DATA SECTION:
###

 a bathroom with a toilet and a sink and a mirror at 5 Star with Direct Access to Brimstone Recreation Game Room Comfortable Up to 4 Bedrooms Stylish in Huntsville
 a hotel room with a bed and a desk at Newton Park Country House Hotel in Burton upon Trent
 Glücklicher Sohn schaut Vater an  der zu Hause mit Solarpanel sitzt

###

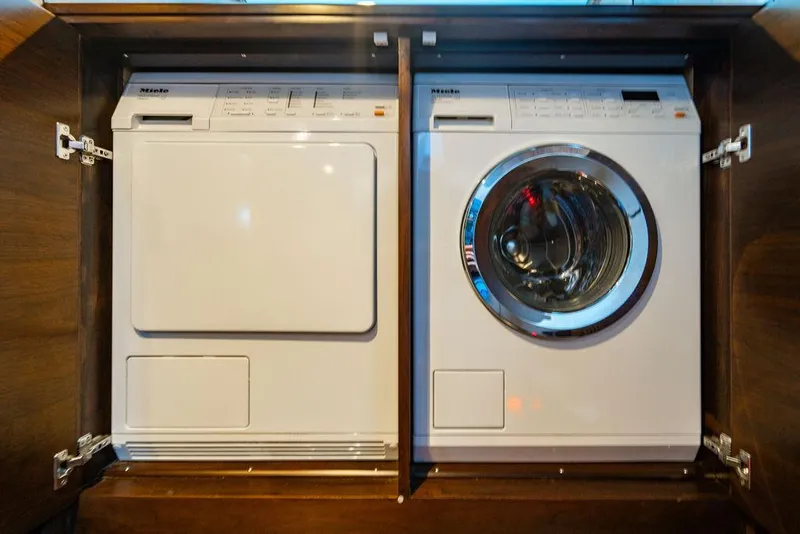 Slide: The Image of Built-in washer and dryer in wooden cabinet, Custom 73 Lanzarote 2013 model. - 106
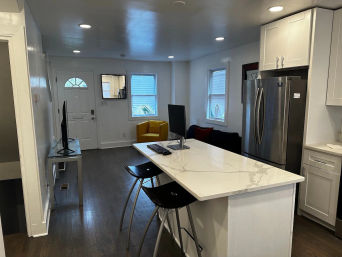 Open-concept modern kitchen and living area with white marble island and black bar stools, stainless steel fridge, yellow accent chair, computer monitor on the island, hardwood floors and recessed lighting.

###

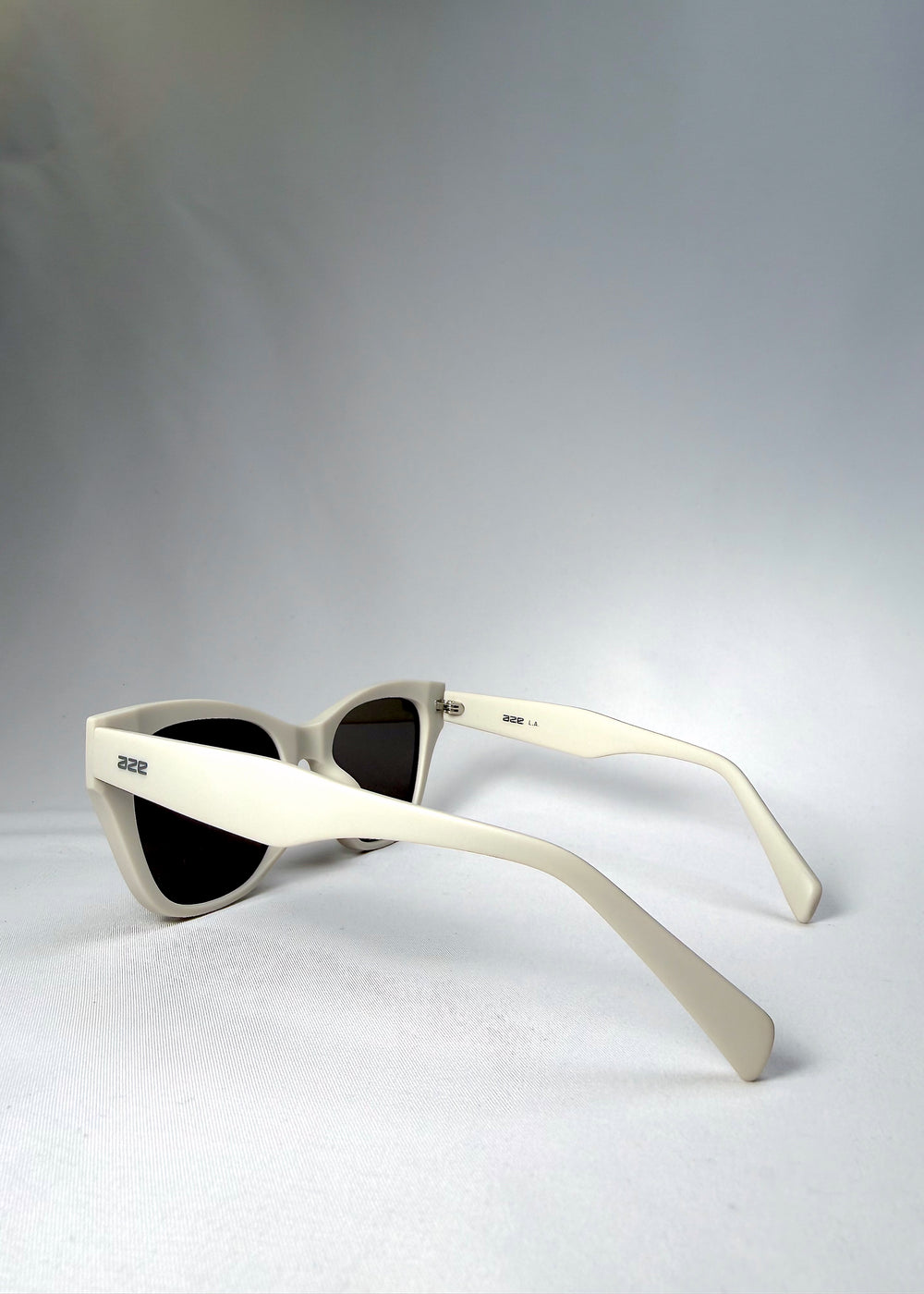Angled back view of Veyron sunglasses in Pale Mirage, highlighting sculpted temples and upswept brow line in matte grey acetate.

###

WHAT YOU ARE ASKED TO DO: Your copy should hold the lines from the one with "Slide: The Image" up to and including the one with "Open-concept modern kitchen", exactly as in the data above, and no pictures.

RESPONSE BELOW:
 Slide: The Image of Built-in washer and dryer in wooden cabinet, Custom 73 Lanzarote 2013 model. - 106
 Open-concept modern kitchen and living area with white marble island and black bar stools, stainless steel fridge, yellow accent chair, computer monitor on the island, hardwood floors and recessed lighting.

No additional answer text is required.